(What is being asked):
Below are some records. Print exactly the lines between the one holding "Quần nỉ thể" and the one holding "the studio A", inclusive, and nothing else.

═════ Data excerpts ═════

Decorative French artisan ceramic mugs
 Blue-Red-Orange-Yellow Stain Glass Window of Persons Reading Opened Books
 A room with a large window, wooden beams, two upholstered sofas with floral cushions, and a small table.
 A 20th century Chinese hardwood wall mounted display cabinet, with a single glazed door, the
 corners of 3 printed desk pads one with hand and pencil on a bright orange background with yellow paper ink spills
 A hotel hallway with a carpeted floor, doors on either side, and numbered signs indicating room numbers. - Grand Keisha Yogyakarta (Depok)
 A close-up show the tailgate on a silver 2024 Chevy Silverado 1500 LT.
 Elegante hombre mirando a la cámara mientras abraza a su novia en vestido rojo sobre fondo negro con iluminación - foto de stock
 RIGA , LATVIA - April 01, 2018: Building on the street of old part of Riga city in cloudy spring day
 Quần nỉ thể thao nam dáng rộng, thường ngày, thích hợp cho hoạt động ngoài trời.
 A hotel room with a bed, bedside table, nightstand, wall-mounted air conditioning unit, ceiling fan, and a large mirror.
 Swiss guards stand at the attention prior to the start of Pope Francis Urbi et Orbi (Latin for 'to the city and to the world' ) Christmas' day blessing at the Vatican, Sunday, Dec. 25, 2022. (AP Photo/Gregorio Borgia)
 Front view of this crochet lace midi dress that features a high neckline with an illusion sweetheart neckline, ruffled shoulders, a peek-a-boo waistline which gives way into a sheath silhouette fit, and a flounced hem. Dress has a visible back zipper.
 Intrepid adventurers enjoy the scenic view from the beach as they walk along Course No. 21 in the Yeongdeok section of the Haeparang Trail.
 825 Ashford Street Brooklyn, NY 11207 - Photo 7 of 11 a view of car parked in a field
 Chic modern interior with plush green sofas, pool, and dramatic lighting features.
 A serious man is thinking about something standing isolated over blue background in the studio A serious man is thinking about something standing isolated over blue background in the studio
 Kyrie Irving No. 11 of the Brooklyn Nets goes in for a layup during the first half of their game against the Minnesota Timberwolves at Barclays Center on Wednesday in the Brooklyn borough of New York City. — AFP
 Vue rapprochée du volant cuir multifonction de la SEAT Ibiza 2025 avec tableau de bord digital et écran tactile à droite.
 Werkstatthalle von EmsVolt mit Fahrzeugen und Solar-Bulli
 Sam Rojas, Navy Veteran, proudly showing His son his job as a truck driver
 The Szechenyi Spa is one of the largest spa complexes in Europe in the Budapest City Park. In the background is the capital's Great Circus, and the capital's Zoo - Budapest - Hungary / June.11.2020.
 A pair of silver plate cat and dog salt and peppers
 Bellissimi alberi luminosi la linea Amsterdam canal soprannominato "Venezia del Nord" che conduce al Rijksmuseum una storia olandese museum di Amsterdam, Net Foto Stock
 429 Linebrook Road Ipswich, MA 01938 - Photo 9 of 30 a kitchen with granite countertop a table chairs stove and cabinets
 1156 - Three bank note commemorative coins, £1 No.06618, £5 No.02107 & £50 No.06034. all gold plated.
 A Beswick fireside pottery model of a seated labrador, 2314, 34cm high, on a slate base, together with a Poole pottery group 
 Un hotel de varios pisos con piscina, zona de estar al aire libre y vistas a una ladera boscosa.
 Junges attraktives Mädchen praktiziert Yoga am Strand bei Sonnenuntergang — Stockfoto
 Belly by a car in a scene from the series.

═════

(Task result):
 Quần nỉ thể thao nam dáng rộng, thường ngày, thích hợp cho hoạt động ngoài trời.
 A hotel room with a bed, bedside table, nightstand, wall-mounted air conditioning unit, ceiling fan, and a large mirror.
 Swiss guards stand at the attention prior to the start of Pope Francis Urbi et Orbi (Latin for 'to the city and to the world' ) Christmas' day blessing at the Vatican, Sunday, Dec. 25, 2022. (AP Photo/Gregorio Borgia)
 Front view of this crochet lace midi dress that features a high neckline with an illusion sweetheart neckline, ruffled shoulders, a peek-a-boo waistline which gives way into a sheath silhouette fit, and a flounced hem. Dress has a visible back zipper.
 Intrepid adventurers enjoy the scenic view from the beach as they walk along Course No. 21 in the Yeongdeok section of the Haeparang Trail.
 825 Ashford Street Brooklyn, NY 11207 - Photo 7 of 11 a view of car parked in a field
 Chic modern interior with plush green sofas, pool, and dramatic lighting features.
 A serious man is thinking about something standing isolated over blue background in the studio A serious man is thinking about something standing isolated over blue background in the studio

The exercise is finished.